Nel dicembre del 2011 il COA deliberava l’apertura del procedimento disciplinare a carico dei due professionisti contestando di “essere venuti meno ai doveri di probità e diligenza per:

1) avere nell’interesse del predetto esponente incassato la somma complessiva di 88.000 euro da destinarsi all’estinzione del contratto di mutuo, versando invece alla banca mutuataria il ridotto importo di 80.000 euro senza fornire al cliente preciso rendiconto;

2) non avere provveduto a emettere regolare fattura a fronte dei corrispettivi trattenuti a titolo di rimborso per le spese legali;

3) non avere costantemente informato il cliente dell’intenzione della banca di non concedere la richiesta rateizzazione di pagamento.

All’esito dell’istruttoria i due professionisti venivano sospesi dall’esercizio della professione per due mesi.

La vicenda è giunta al Consiglio Nazionale Forense (CNF), pronunciatosi con la sentenza n. 1 del 27 febbraio 2019.

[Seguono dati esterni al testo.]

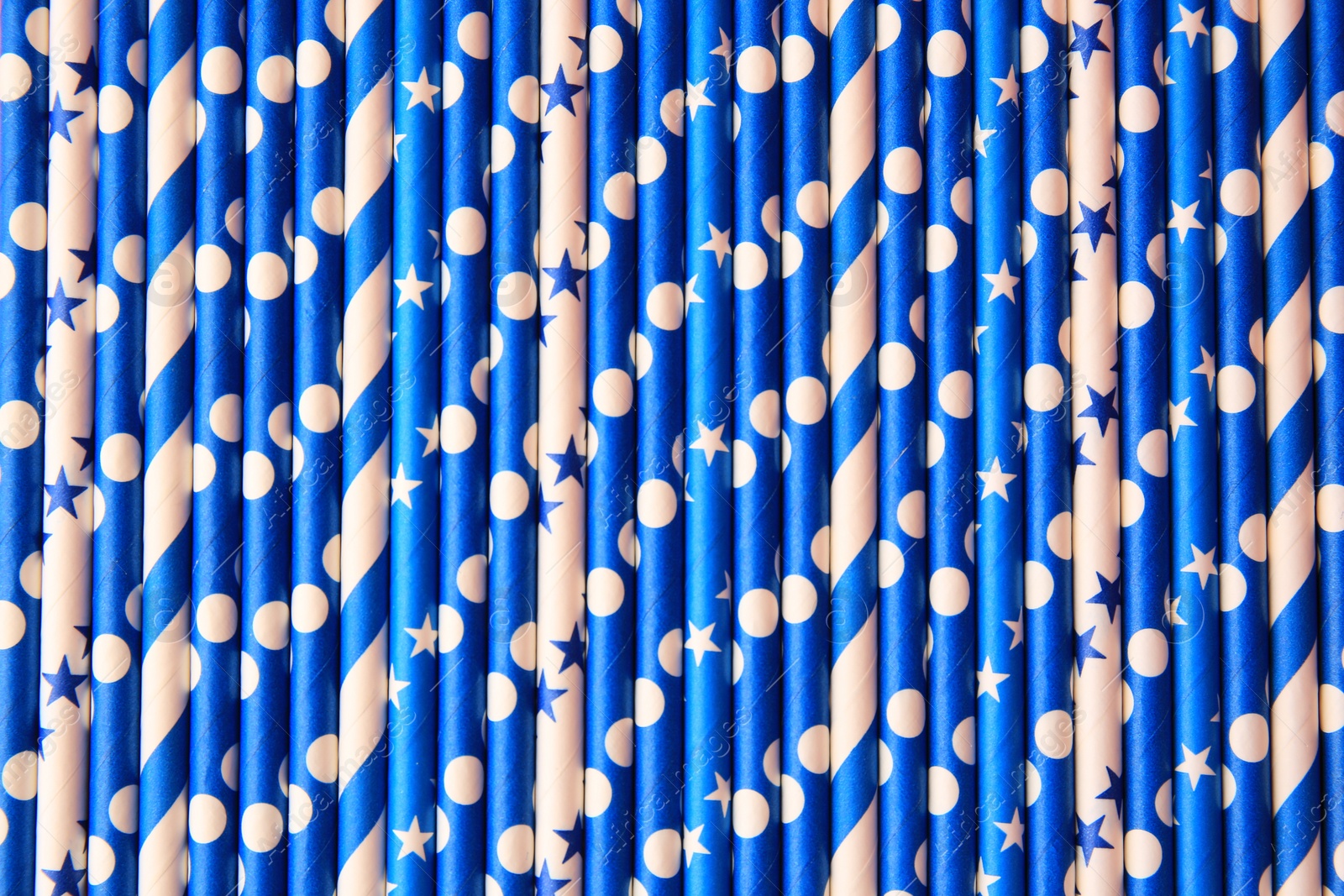 Photo of Many paper drinking straws as background, top view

Il Collegio ha ritenuto provata la circostanza dedotta dai due appellanti di aver versato al creditore tutte le somme ricevute dal debitore loro assistito, e di aver trattenuto a titolo di rimborso spese 8.000 euro nell’arco temporale di dieci anni. Infatti, i ricorrenti avevano prodotto 41 documenti afferenti in gran parte ai pagamenti eseguiti dal 2003 al dicembre 2005, mediante assegni personali tratti dal cliente a favore dell’Istituto bancario e successivamente mediante bonifici.

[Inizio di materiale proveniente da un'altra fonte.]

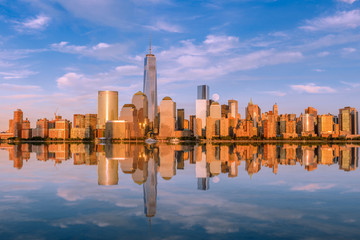 Manhattan at sunset reflected in the hudson river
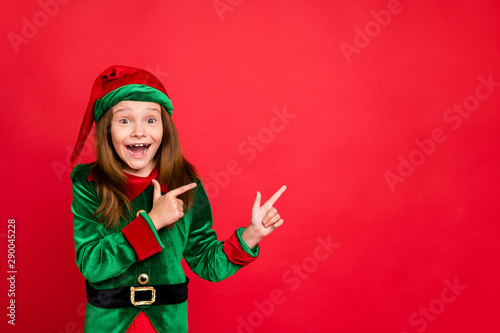 Portrait of impressed funky elf in hat cap showing ads with her index fingers screaming wow omg see magic wearing green costume isolated over red background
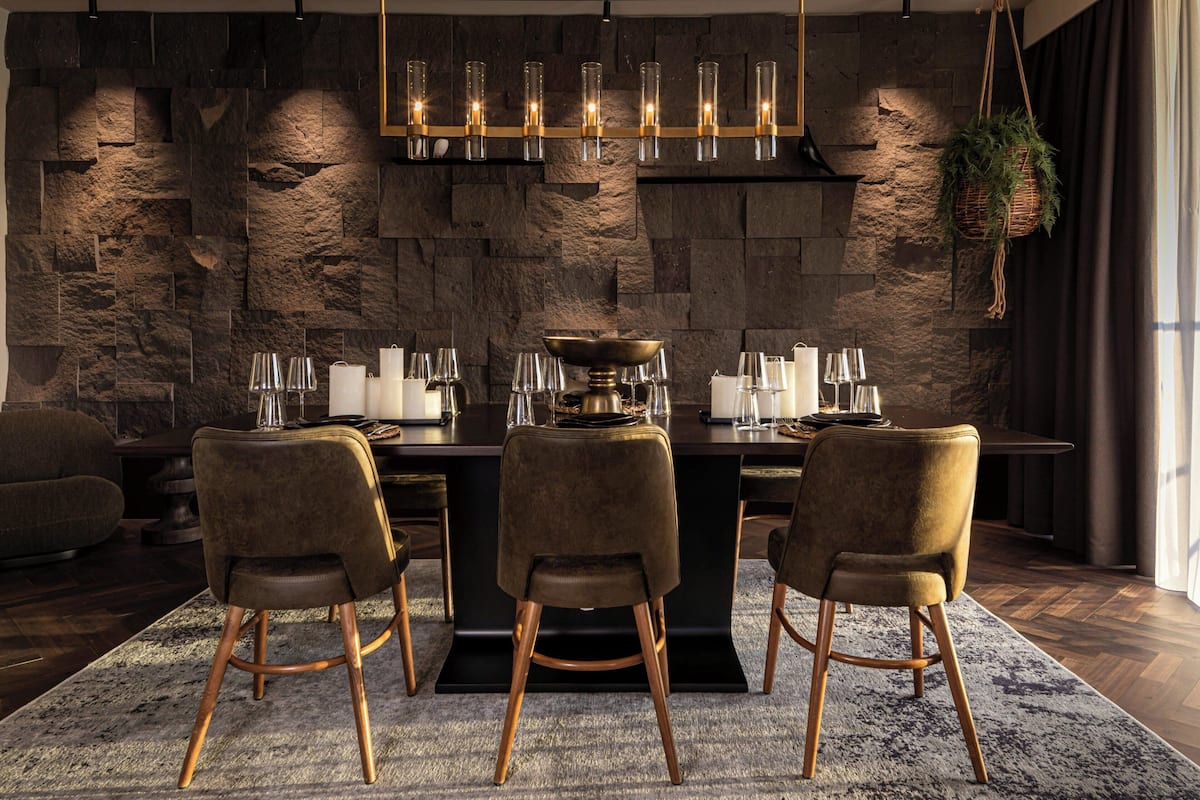 A modern dining area with a stone wall backdrop, a chandelier, and a central island with a bowl.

L’attività di trasmissione per conto del cliente di pagamenti periodici a terzi non configura, né può configurare, gestione di denaro di quest’ultimo, e non può certo far nascere in capo al professionista un obbligo di rendicontazione in senso stretto, dal momento che la trasmissione al cliente delle singole missive con cui vengono effettuati i pagamenti esaurisce l’obbligo professionale di dar conto delle attività svolte. Al contempo, – ha aggiunto il CNF – la ridetta attività assolve anche l’obbligo di diligenza e di correttezza, nonché quello di informativa, dal momento che gli incolpati una volta ricevuti i titoli di pagamento dal cliente avevano provveduto ad inoltrarli all’Istituto di credito”.

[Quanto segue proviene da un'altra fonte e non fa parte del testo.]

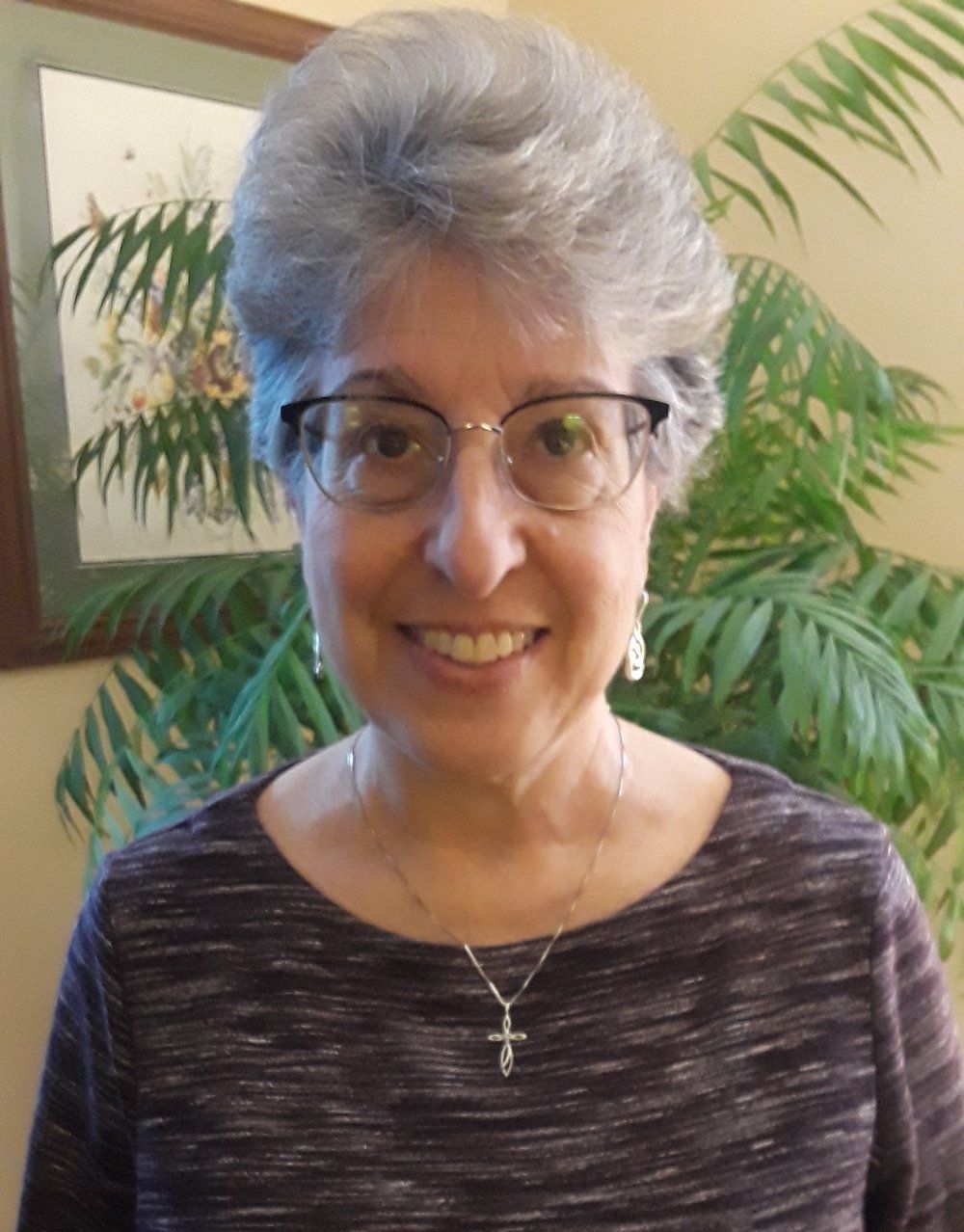 A woman wearing glasses and a cross necklace smiles for the camera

È stata invece, confermata la decisione impugnata per quanto riguarda la mancata fatturazione dei compensi professionali trattenuti (euro 8.000) e la omessa informativa al cliente.

Nessun rilievo è stato attribuito alla presunta assenza di volontarietà della condotta da loro posta in essere.

Sul punto è stato sufficiente ribadire che per l’imputabilità dell’infrazione disciplinare non è necessaria la consapevolezza dell’illegittimità dell’azione, dolo generico o specifico, ma è sufficiente solo la volontarietà (c.d. suitas) con la quale è stato compiuto l’atto deontologicamente scorretto.

Secondo la Corte di Cassazione (SS.UU., ordinanza n. 22521 del 7 novembre 2016), “in materia di illeciti disciplinari, la “coscienza e volontà delle azioni o omissioni» di cui all’articolo 4 del nuovo Codice deontologico consistono nel dominio anche solo potenziale dell’azione o omissione, che possa essere impedita con uno sforzo del volere e sia quindi attribuibile alla volontà del soggetto. Il che fonda la presunzione di colpa per l’atto sconveniente o addirittura vietato a carico di chi lo abbia commesso, lasciando a costui l’onere di provare di aver agito senza colpa”.

Ne deriva che l’agente resta “scriminato” solo se vi sia errore inevitabile, cioè non superabile con l’uso della normale diligenza, oppure se intervengano cause esterne che escludono l’attribuzione psichica della condotta al soggetto, non potendosi neppure parlare di imperizia incolpevole ove si tratti di professionisti del settore legale e quindi in grado di conoscere e interpretare correttamente l’ordinamento giudiziario e forense”.